Il grappling: lo sport di lotta più completo ed efficace
Il grappling è uno stile di lotta che punta alla sottomissione dell’avversario senza percussioni, quindi senza l’uso di calci, pugni, ginocchiate o gomitate; il combattimento inizia in piedi e si conclude al suolo, attraverso l’utilizzo di strangolamenti, leve articolari o compressioni dolorose, che costringono l’avversario ad arrendersi (l’atleta ammette la sconfitta battendo la mano o il piede sul contendente o sul tappeto da lotta). Le sottomissioni non sono l’unico modo per vincere un incontro: è possibile conquistare la vittoria anche attraverso dei punti, che si ottengono portando a terra l’avversario e prendendo posizioni di dominio. Il grappling si divide in due discipline: Gi e No-Gi; la prima si pratica con un kimono, che consente l’uso degli indumenti per finalizzare l’avversario o eseguire uno sweep (ovvero un ribaltamento per prendere una posizione migliore); il secondo invece si svolge in rushguard e pantaloni aderenti, per evitare che le dita o le articolazioni restino impigliate nei vestiti.
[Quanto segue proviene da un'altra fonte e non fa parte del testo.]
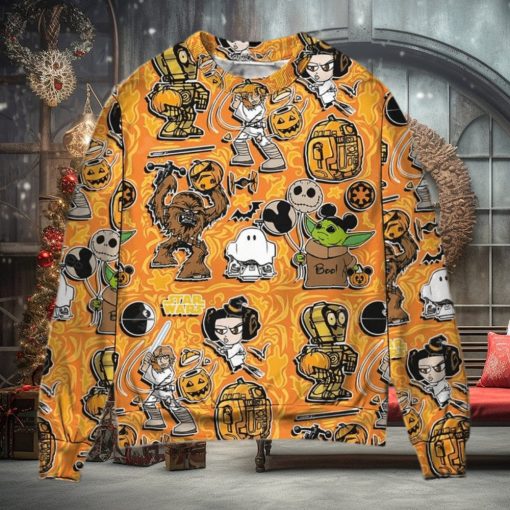 Starwars Cute Funny Ugly Christmas Sweater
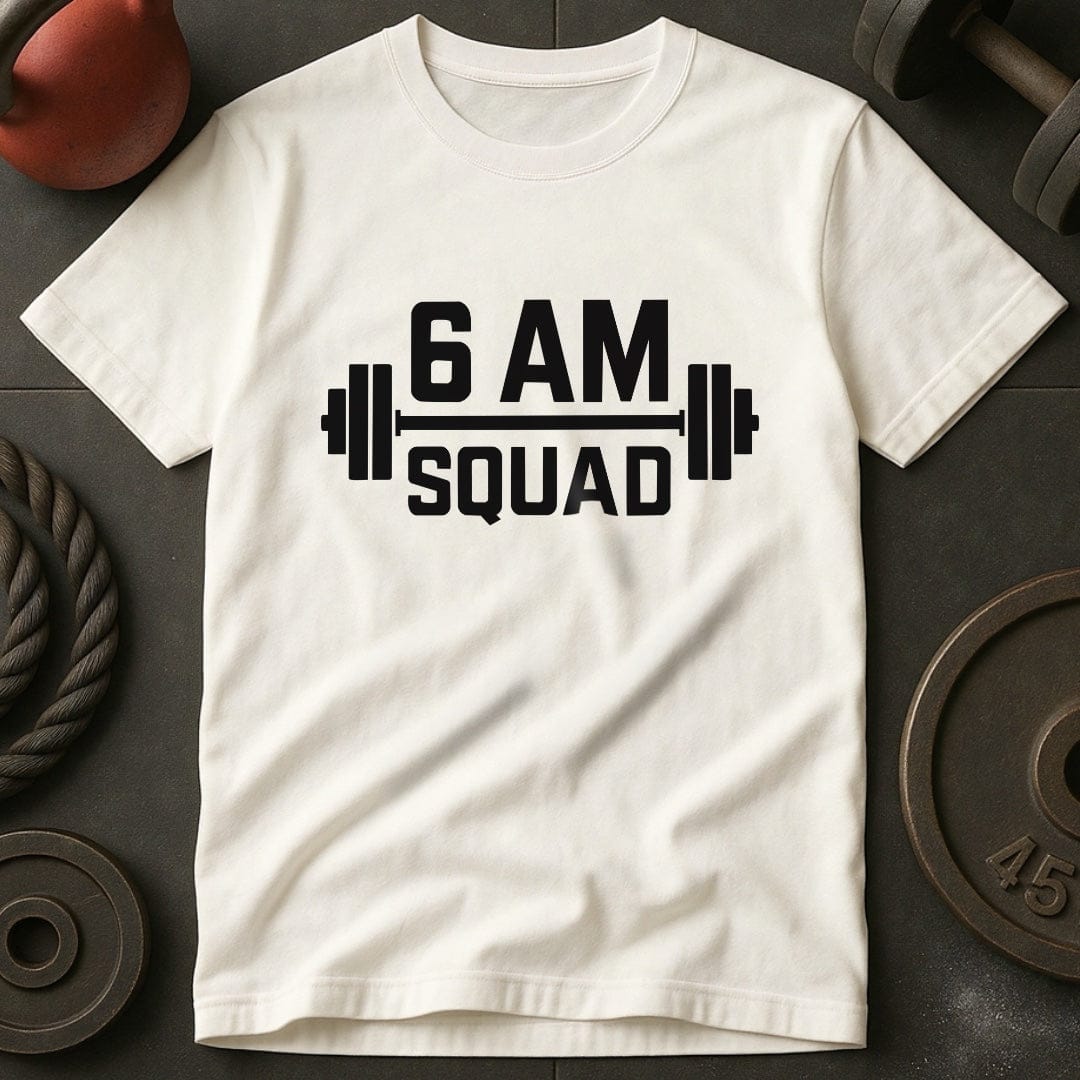 6 AM Squad Gym T-Shirt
Il grappling nasce come sintesi delle tecniche più efficaci nelle MMA (Mixed Martial Arts), divenute popolari nei primi anni ’90 grazie agli eventi UFC; lo scopo di questi match era capire quale arte marziale o sport da combattimento portasse gli atleti, specializzati in tecniche diverse, alla vittoria. Gli esperti delle discipline che oggi costituiscono il grappling (quindi per portare a terra l’avversario la lotta libera, e per sottomettere le tecniche come il BJJ -brazilian jiu-jitsu No-Gi-, la lute livre brasiliana e il catch wrestling) risultarono i più solidi. Questa evidenza portò ad una nuova valutazione delle tecniche di lotta, mostrando quanto fossero efficaci non solo per l’attacco, ma soprattutto per la difesa. Il grappling, infatti, insegna a difendersi dall’aggressione di avversari anche più forti e pesanti, neutralizzandoli senza utilizzare colpi che possano ferire noi (in quanto tirare un pugno forte a mani nude può effettivamente fratturare la mano) o chi abbiamo di fronte. Dal momento in cui la lotta si svolge prevalentemente a terra si è anche dimostrato il metodo di difesa più efficace per le donne contro le violenze sessuali.
“La gentile arte” per la mente
La bellezza di questo sport, però, non è solo nel piacere dell’esercizio fisico e nel benessere che quest’ultimo produce: il grappling allena la mente e la capacità di risolvere problemi sotto pressione. In primo luogo, la necessità di imparare tecniche sempre nuove stimola la memoria, costringendo il nostro cervello a collegare e ricordare una moltitudine di movimenti diversi: ogni tecnica è costituita da tanti piccoli dettagli che non possono essere tralasciati per renderla efficace e funzionale. In secondo luogo, il fatto di avere di fronte un’altra persona ci mette davanti ad una costante incognita (possono variare il peso, il sesso, l’esperienza, nonché la concentrazione posta in quello specifico momento), portando la mente a doversi destreggiare tra una posizione e l’altra (collegando magari una sottomissione ad una escapes, che sono quelle tecniche che occorre utilizzare nel momento in cui si perde la posizione di vantaggio e si viene “intrappolati”).
Il grappling, dopo il periodo iniziale di comprensione della disciplina, ti porta a pensare con due mosse di anticipo, ma allo stesso tempo ti impone di restare flessibile alle risposte del tuo avversario, che potrebbero costringerti a modificare totalmente la tua strategia e il tuo piano di attacco. Entrambe queste componenti della lotta necessitano di una mente lucida e di un controllo dell’ansia che può insorgere se sotto pressione, e ciò ha un risvolto positivo anche nella vita di tutti i giorni. In un mondo che spinge a colpire più forte per farsi spazio il grappling insegna che la vera forza sta nel controllo, non nella violenza.
In conclusione, spero di avervi fatto comprende le potenzialità di questa arte marziale; se entrerete in un dojo (nome che prende la palestra in questa disciplina) capirete che la lotta non è solo un modo per sottomettere l’avversario ma anche per aguzzare l’ingegno. Imparerete a restare lucidi sottopressione, a prendere decisioni strategiche quando il respiro si accorcia, a gestire la fatica, la frustrazione e l’ego (perché sì, è anche un ottimo modo per imparare ad accettare la “sconfitta”, che poi una vera e propria sconfitta non è mai). Ad ogni allenamento il fisico si rinforza, ma è sempre il cervello a fare la differenza. E forse capirete che non serve fare male per essere forti.